After another delicious and friendly breakfast at Dutch Manor Inn (I feel sorry for all of you delegated staying at the Westin!), I headed down to catch the long morning session on evidence and library impacts.
Got to hear the tail end of Fiona Bradley’s talk on the Sustainable Development Goals. Then David Streatfield and Sharon Markless, a team of Global Libraries impact assessment consultants, gave an overview of their work. Unfortunately, appears that Global Libraries did not build in any randomized trials for evaluating their ICT buildout to whole library systems. Maybe Global Libraries was not really sure what to be measuring. or maybe worried that conclusion might be: “public access to Internet in every library in Chile enabled lots more people to play online poker and surf you-know-what.” Probably though, since digital/Internet access is framed in rights-talk, then cost-benefit really did not matter, and there was no compelling reason to waste resources in measurement. That is, there probably was not going to be any likely measurement, after a pilot, that would have led Gates Foundation to say: “Let’s NOT help libraries have Internet access.”
Jessica Dorr of the Bill & Melinda Gates Foundation then spoke on the Global Libraries data portal Global Libraries Atlas. This is a very worthy effort and the site is fantastic. But I am of two minds about data visualization work like this. Very expensive, I imagine, to build the interactive website. And since no measurement of benefits (either) of usage of such a website, not really clear that money is well-spent. How do we know this is better than just posting the an Excel file and letting researchers write R scripts to visualize? Is this data visualization really going to help in advocacy? Is advocacy really more successful because the advocate has a great infographic? Does the Gates Foundation itself make funding decisions based on infographics? And while we are on that subject, I wish glatlas.org would just have a button to download the whole dataset. Seems like that should be gold standard for transparency and open data.
Finally Karin de Jager spoke about ISO standard for measuring library impact. She gave a nice overview of the issues, and it sounds like a very good resource.
The questions and discussion that followed rehashed some basic debates about what should library advocates be looking for. To an economist, I hate to say this, the debate sounded like something from 50 years ago. Yes, data does tell the story, and the best impact evaluation studies in the social sciences do indeed let the statistics talk. Good impact evaluations do not need anecdotes. Indeed, since we know just how powerful story-anecdotes are, we should be extra careful about using them, because they easily lead us to bias.
Part of me prefers to be explicit: If you want a warm-glow story to make people feel good about donating, or convince people to allocate tax dollars to the purpose, just say so, and don’t call that impact evaluation. But don’t say that a set of non-randomly selected stories (chosen by you to resonate with donors and advocates) is impact evaluation. I support libraries and reading because I like libraries and reading. Libraries enable lots of people to read a lot more than they would otherwise (though surprising how little we know about that basic effect, but all the small-scale studies we have done in Burkina Faso find large increases in reading). Does reading more books then do something else, other than increase vocabulary? There is little social science research to answer that question.

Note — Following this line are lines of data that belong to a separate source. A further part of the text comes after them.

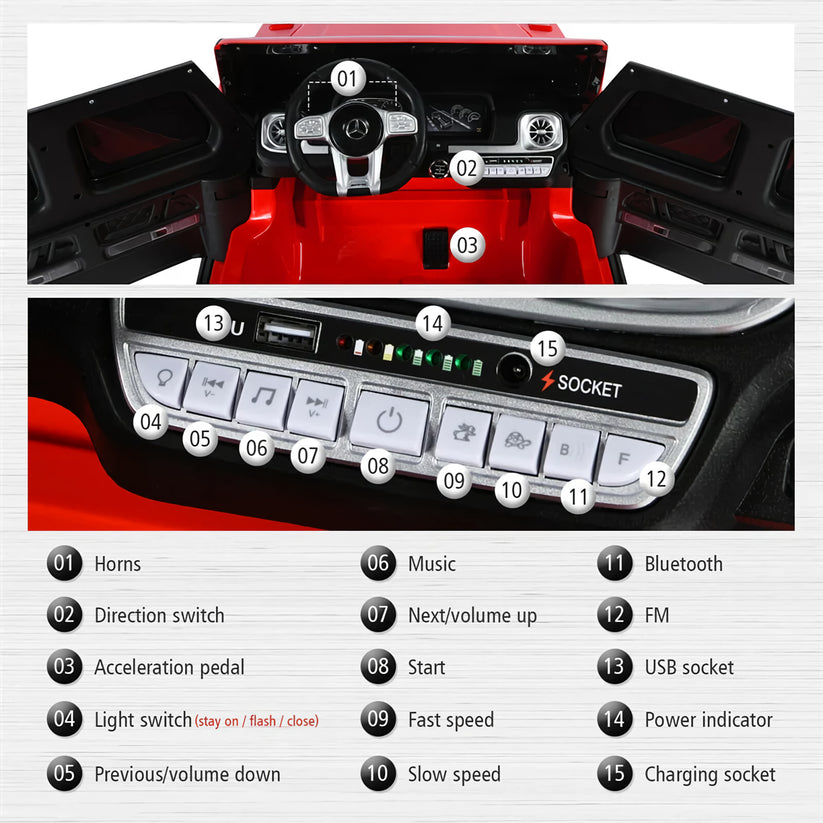 Licensed Mercedes-Benz AMG G63 G-Wagon 24V 4x4 Deluxe Two Seater Kids Ride-On Car with Leather Seat and Rubber Wheels, Red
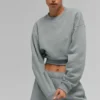 Kısa Accolade Crewneck - Ay Gri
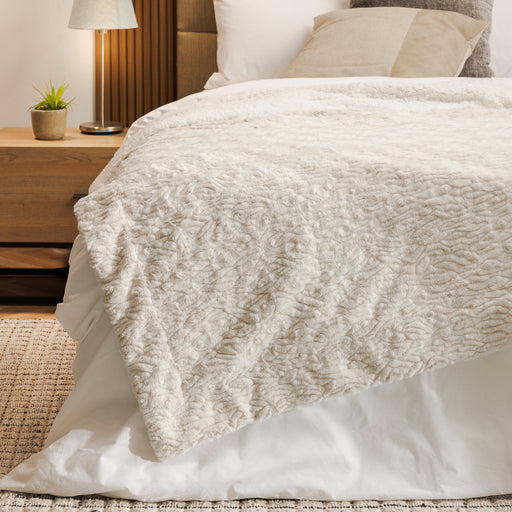 Brushed Printed Faux Fur Frosted Petal Blanket Arctic-Blankets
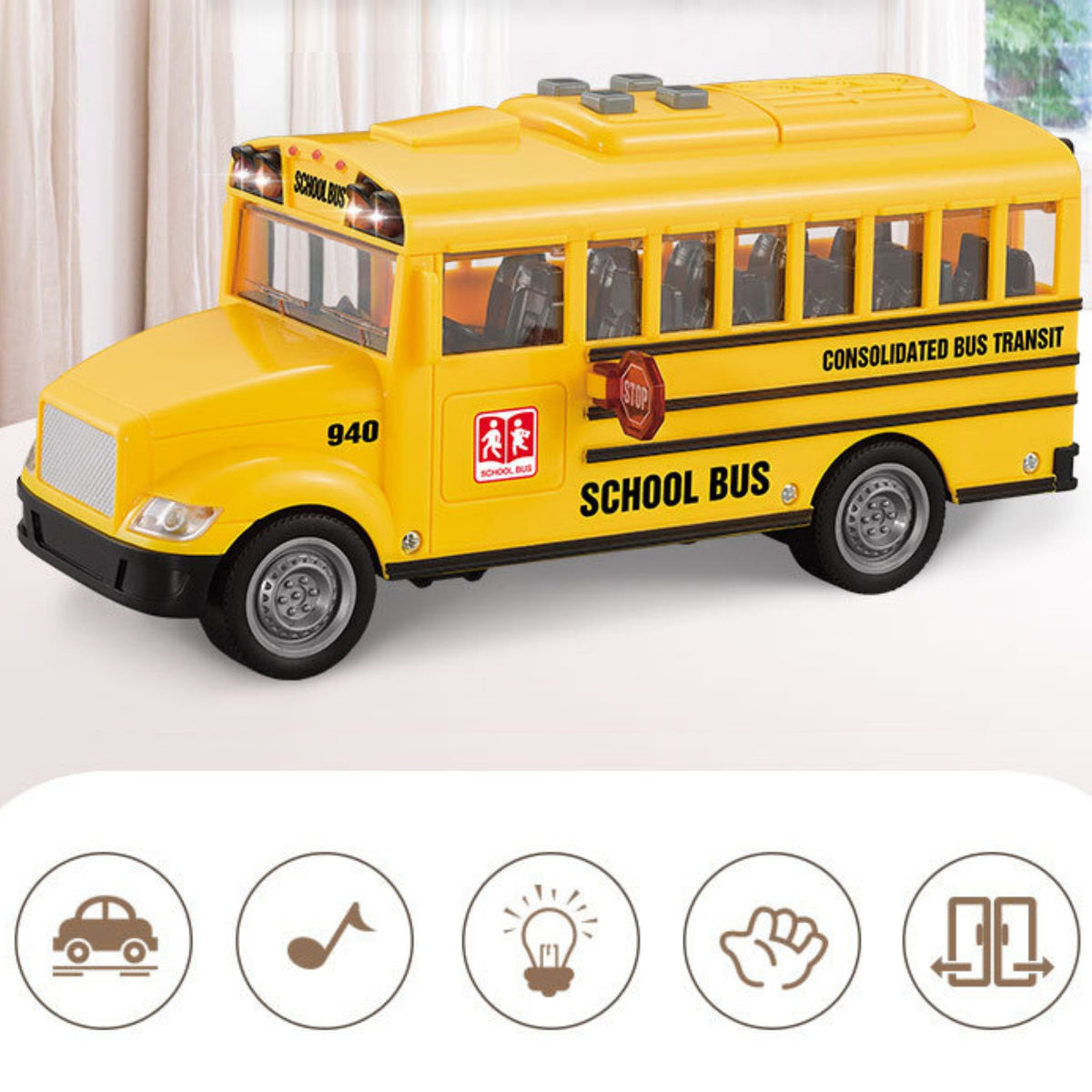 Woopie mokyklinis autobusas su šviesomis ir garsais, 1:20 – 4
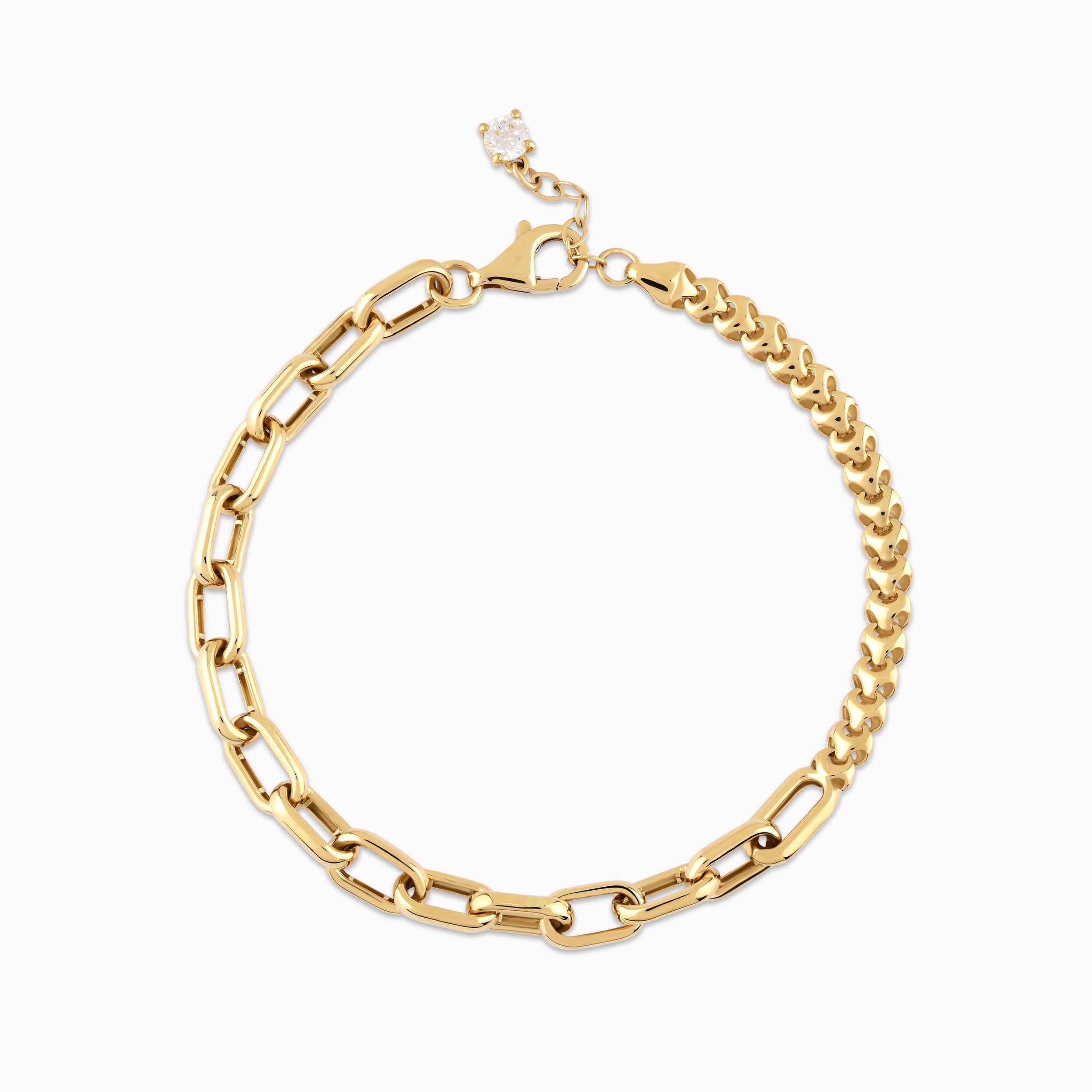 14K Yellow Gold White Cubic Zirconia Chain & Link Bracelet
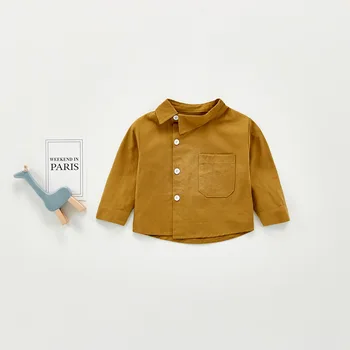 Bebek Erkek Gömlek 2022 Yeni Kore tarzı Bant Yan Yaka Pamuk Cep Uzun Kollu Gömlek Ceket Erkek Kız Üstleri Bebek Giysileri Yeni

The “Beyond Access” and “libraries for development” thrust is trying to build an evidence-base and rhetoric that can shout an enthusiastic YES to that question. It would be great if more research funding comes along so that the claims can be evaluated and replicated. But social scientists cannot even agree on measuring the effects of deworming pills…. and extra reading is quite different from a pill.
Got a tweet from Sarah Jaffe, Senior Manager of Research at Worldreader, so we had a nice chat over coffee. They are expanding rapidly, soon to be putting Kindles (not sure exactly how many- sounds like 10 or 20) in every Kenyan public library (there are about 50). Would be neat to explore whether availability of e-readers turns out to be complementary to paper book sales.
After that I heard a great presentation by Bookdash. Wish we could do something like that in Burkina Faso, but it sounds like something for a rich country… costs about $10,000 for the event itself, where 30 illustrators, editors and authors come together for an all day session to make 10 children’s books. I am very partisan to that approach: make them quickly and get them printed and available. In Burkina Faso, the problem is we have absolutely no institutional buyers or sponsors.
Then walked around downtown Cape Town with Hui-Yun Sung, a library science researcher from National Chung Hsing University in Taiwan. Found the tourist market and had fun bargaining a bit. Lots of the usual stuff: beaded elephants and masks.
Had dinner later at Bocca near my hotel. Very good Neapolitan pizza!